▶ [What the task asks]:
Start at the line with "Cours d’anglais pour" in the records below, stop at the line with "Picture of BIBLIA", and return every line in that span exactly, the two end lines included.

BEGIN Provided entries

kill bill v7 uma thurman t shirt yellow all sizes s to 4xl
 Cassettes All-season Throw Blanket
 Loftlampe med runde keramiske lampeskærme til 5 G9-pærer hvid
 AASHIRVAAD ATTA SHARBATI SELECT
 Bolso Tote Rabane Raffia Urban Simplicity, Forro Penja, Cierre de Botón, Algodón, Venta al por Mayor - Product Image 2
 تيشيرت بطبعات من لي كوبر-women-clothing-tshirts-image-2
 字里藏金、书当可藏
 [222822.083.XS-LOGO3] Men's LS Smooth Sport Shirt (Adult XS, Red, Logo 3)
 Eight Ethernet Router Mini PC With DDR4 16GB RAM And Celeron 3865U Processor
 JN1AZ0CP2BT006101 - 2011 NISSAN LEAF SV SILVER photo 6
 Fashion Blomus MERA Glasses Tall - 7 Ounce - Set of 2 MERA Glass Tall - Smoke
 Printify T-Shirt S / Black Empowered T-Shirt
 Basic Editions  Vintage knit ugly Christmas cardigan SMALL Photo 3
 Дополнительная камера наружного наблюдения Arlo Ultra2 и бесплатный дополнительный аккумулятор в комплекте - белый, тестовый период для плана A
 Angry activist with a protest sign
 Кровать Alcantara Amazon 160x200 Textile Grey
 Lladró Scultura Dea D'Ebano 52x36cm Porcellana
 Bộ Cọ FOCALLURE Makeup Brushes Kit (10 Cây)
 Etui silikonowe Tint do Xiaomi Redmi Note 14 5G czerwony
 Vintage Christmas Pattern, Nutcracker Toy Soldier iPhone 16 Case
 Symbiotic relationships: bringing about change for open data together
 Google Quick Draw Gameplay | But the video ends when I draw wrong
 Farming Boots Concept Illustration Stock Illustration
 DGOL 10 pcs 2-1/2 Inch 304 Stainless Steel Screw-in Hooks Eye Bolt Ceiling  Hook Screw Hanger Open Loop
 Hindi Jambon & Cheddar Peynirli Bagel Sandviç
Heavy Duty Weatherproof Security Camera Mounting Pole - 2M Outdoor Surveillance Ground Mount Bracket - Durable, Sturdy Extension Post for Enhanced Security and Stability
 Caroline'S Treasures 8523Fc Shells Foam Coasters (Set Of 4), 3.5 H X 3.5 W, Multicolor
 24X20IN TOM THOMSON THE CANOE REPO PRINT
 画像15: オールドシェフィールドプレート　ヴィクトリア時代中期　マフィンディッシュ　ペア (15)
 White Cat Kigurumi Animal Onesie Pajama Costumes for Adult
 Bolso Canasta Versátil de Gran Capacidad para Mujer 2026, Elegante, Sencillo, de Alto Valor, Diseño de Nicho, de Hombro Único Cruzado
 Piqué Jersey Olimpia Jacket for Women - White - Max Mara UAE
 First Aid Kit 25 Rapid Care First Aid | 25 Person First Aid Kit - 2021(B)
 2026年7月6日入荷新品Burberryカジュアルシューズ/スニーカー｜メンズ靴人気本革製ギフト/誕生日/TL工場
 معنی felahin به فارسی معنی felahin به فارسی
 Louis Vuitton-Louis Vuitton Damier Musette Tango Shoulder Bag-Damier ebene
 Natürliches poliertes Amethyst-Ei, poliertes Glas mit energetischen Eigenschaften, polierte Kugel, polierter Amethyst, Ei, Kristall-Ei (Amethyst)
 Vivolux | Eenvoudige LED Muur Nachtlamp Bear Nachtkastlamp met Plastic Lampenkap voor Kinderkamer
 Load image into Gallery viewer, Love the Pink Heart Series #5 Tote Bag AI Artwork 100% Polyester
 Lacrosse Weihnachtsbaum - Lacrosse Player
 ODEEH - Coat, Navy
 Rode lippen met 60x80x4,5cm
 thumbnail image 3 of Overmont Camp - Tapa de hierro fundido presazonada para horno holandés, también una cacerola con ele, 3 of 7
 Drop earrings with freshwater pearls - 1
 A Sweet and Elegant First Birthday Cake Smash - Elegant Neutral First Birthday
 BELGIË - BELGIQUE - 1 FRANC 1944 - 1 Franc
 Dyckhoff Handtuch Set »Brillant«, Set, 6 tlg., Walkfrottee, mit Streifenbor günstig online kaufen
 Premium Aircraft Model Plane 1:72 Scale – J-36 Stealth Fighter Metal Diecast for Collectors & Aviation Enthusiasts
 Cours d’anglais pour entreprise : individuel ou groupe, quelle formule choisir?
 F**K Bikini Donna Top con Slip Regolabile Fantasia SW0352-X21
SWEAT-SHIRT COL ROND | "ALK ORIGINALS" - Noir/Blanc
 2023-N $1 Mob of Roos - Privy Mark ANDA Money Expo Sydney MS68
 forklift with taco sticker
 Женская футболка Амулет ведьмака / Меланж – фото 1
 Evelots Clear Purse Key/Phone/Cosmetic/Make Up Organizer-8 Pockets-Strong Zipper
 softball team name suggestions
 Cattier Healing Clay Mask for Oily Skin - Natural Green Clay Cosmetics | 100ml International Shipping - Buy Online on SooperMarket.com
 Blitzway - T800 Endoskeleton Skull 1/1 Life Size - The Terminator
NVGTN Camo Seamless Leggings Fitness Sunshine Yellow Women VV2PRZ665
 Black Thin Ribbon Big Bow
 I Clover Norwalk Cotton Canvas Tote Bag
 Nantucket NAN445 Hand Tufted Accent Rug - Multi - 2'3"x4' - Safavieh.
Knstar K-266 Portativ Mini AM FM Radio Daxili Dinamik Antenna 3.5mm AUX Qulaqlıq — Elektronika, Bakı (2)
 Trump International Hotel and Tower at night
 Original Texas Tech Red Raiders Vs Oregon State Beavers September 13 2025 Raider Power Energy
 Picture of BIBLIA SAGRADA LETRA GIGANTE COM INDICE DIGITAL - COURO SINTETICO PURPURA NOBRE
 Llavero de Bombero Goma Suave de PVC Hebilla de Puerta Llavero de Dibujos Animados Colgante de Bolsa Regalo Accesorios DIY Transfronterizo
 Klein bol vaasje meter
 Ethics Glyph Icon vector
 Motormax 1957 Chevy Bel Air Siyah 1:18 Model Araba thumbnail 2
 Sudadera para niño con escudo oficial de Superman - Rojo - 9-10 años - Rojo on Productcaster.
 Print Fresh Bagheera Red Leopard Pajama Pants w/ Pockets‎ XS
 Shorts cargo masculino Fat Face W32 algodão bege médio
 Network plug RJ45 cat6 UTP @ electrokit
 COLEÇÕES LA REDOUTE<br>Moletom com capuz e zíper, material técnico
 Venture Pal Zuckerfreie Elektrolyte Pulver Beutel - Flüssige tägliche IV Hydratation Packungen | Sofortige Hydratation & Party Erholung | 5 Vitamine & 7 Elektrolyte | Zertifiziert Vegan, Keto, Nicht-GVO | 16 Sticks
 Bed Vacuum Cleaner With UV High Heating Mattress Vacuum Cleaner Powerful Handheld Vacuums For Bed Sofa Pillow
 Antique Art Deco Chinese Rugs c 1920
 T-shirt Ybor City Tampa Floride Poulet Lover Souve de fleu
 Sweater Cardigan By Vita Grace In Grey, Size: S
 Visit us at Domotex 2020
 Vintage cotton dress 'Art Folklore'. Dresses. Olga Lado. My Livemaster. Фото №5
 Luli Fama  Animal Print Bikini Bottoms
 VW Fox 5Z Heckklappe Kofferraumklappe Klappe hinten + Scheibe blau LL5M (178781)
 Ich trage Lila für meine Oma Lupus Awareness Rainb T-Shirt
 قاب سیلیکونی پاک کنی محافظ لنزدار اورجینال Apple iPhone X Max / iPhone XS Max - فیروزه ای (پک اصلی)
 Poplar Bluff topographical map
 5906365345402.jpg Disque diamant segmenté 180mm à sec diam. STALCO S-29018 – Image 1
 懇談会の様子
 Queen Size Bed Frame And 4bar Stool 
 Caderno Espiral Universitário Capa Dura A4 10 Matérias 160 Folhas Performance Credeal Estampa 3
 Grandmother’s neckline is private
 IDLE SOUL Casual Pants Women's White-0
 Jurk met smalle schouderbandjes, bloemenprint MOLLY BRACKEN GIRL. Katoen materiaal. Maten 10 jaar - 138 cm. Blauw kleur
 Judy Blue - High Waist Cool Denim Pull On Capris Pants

END Provided entries

▶ [Response]:
 Cours d’anglais pour entreprise : individuel ou groupe, quelle formule choisir?
 F**K Bikini Donna Top con Slip Regolabile Fantasia SW0352-X21
SWEAT-SHIRT COL ROND | "ALK ORIGINALS" - Noir/Blanc
 2023-N $1 Mob of Roos - Privy Mark ANDA Money Expo Sydney MS68
 forklift with taco sticker
 Женская футболка Амулет ведьмака / Меланж – фото 1
 Evelots Clear Purse Key/Phone/Cosmetic/Make Up Organizer-8 Pockets-Strong Zipper
 softball team name suggestions
 Cattier Healing Clay Mask for Oily Skin - Natural Green Clay Cosmetics | 100ml International Shipping - Buy Online on SooperMarket.com
 Blitzway - T800 Endoskeleton Skull 1/1 Life Size - The Terminator
NVGTN Camo Seamless Leggings Fitness Sunshine Yellow Women VV2PRZ665
 Black Thin Ribbon Big Bow
 I Clover Norwalk Cotton Canvas Tote Bag
 Nantucket NAN445 Hand Tufted Accent Rug - Multi - 2'3"x4' - Safavieh.
Knstar K-266 Portativ Mini AM FM Radio Daxili Dinamik Antenna 3.5mm AUX Qulaqlıq — Elektronika, Bakı (2)
 Trump International Hotel and Tower at night
 Original Texas Tech Red Raiders Vs Oregon State Beavers September 13 2025 Raider Power Energy
 Picture of BIBLIA SAGRADA LETRA GIGANTE COM INDICE DIGITAL - COURO SINTETICO PURPURA NOBRE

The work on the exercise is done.